Hiraeth is nearly fifteen, and there are only four buildings in the village he doesn't have to duck to enter. One is their own little house, two are barns, and the last is the temple. His voice is changing without asking him about it first, and over the winter the headaches get so bad he can barely see.

When Link is home, he forces himself to go to school anyway, even if the best he can manage is assigning the younger students a ridiculously flawed proof to fix and a hundred pages of reading before he has to retreat to comforting darkness of the storage room.

Link is away working on some kind of bridge project in the lowlands when the worst storm he can remember hammers the little village. The ground is already sodden, and the road turns into a mudslide. Two houses and three shops in the village are pushed off their foundations, and Hiraeth hides in his bedroom with the curtains drawn. Even when the rain stops and he begins to feel normal again, his stepmother urges him to stay back, and makes him pot after pot of a strange kind of sour tea.

He goes back to school mostly so he can get away from her hovering. And the tea.

He bribes the twins to handle the youngest students, and prompts the middle ranks into a debate over the significance of the wolf and the 'night goer' in early chaos era epic poetry. The teacher swears at him when the discussion turns into an outright war, but it's the funniest thing he's seen in months and he can't bear to stop them.
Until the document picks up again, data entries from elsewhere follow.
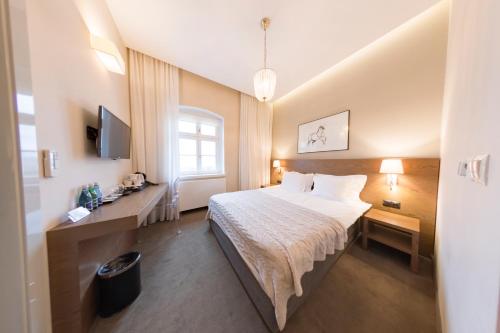 a hotel room with a large bed and a window at Hotel Jakubus in Wilków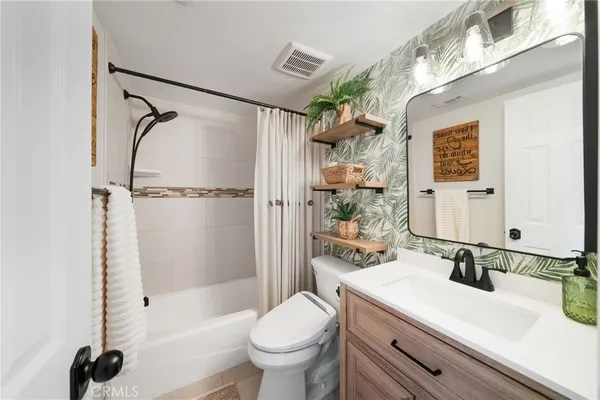 $899,999 | 15 Big Dipper Court, Unit 24, Newport Beach, CA 92663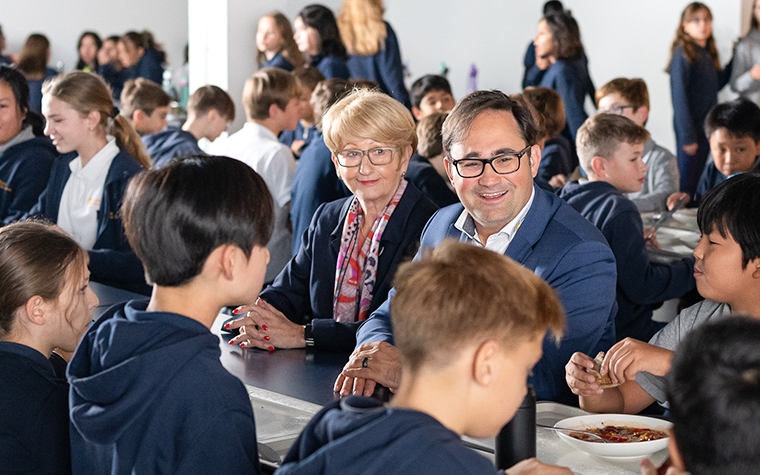 accadis Bildung Vorstand umgeben von Kindern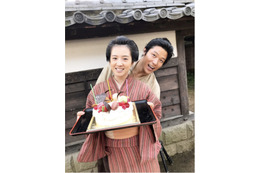 桜庭ななみ、NHK大河『西郷どん』現場で誕生日！主演の鈴木亮平と2ショット 画像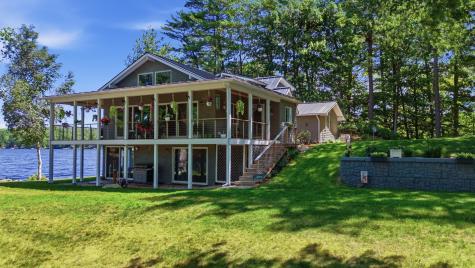 60 Cardinal Lane Poland ME 04274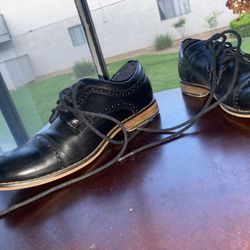 Dress Shoes Size 3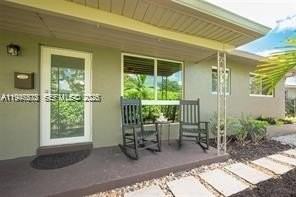 1532 Ne 39th St #0 - Photo 4 of 33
Half an hour later the entire room has split into ideological factions over it. The teacher gives up on restoring order to the class, sitting back in her chair with her hands over her mouth to keep from laughing. The ringleaders of each are threatening their opponents with literal violence and their insults have gone from creative to obscene, so at last he stands and bellows for silence.

It works exactly long enough for the teacher to issue a strangled dismissal.

Hiraeth's sisters look at him oddly, and don't wait for him to pack his own things. The teacher manages to stifle her laughter just long enough for the rest of the students to leave.

"Be honest, Hiraeth," she says, stern as she can manage through her snickering. "Did you start that riot apurpose?"

"If what you mean is, 'can I do it again' then perhaps my students should move their lessons outside for the sake of the furniture," he says, though it comes out as a bit of a rumble.

"Your talents are wasted on this life," she says, shaking her head. "Anyone who can rouse that much passion for archaic poetry in a bunch of half-grown rustics has no business idling in a backwater village for any longer than it takes to change a broken cart wheel and buy a hearty dinner."

Hiraeth shrugs. "My father does not approve of big cities."

"Bullshit," says his teacher, folding her arms. "I made inquiries years ago. Everything your family has is because of the connections he has in and work he does for the big city."

"No doubt half the reason he hates it so much," says Hiraeth, returning his books to the locked chest in the storage room.

His teacher follows, leaning against the doorframe. "What's the other half?"

He shrugs, accepting the excuse to linger in the comfortable darkness. "Why does anyone ever hate anything?"

"Barring madness and the influence of demons? Betrayal, usually," says his teacher with a frown of confusion.

Hiraeth rolls his eyes at her. "Demons are just a convenient fiction to justify the acts of tyrants."

"When you do go to the city someday, take care who overhears your heresies," she returns.

"I had the kids on the verge of a brawl over artistic symbolism before noon. Imagine what I could do with a few choice words in a city marketplace," he says with a shrug. "A little riot now and again might be good for this country."

"The revolution might want to bide his time until his voice is done breaking," she says with a wry shake of her head.

Hiraeth makes a rude noise. "Even so. A monarch whose authority flows from the divine must always be right. I need only be right once."

She clicks her tongue at him. "What have I told you about quoting assassins in the classroom?"

"We aren't in the classroom," he says, wagging a finger at her. "Anyways, why should I give a good goddamn about offending a spoiled old man in a fancy hat when I have five sisters who would each of them cheerfully murder me in my bed for an extra slice of cake and a bolt of Cloudisle silk?"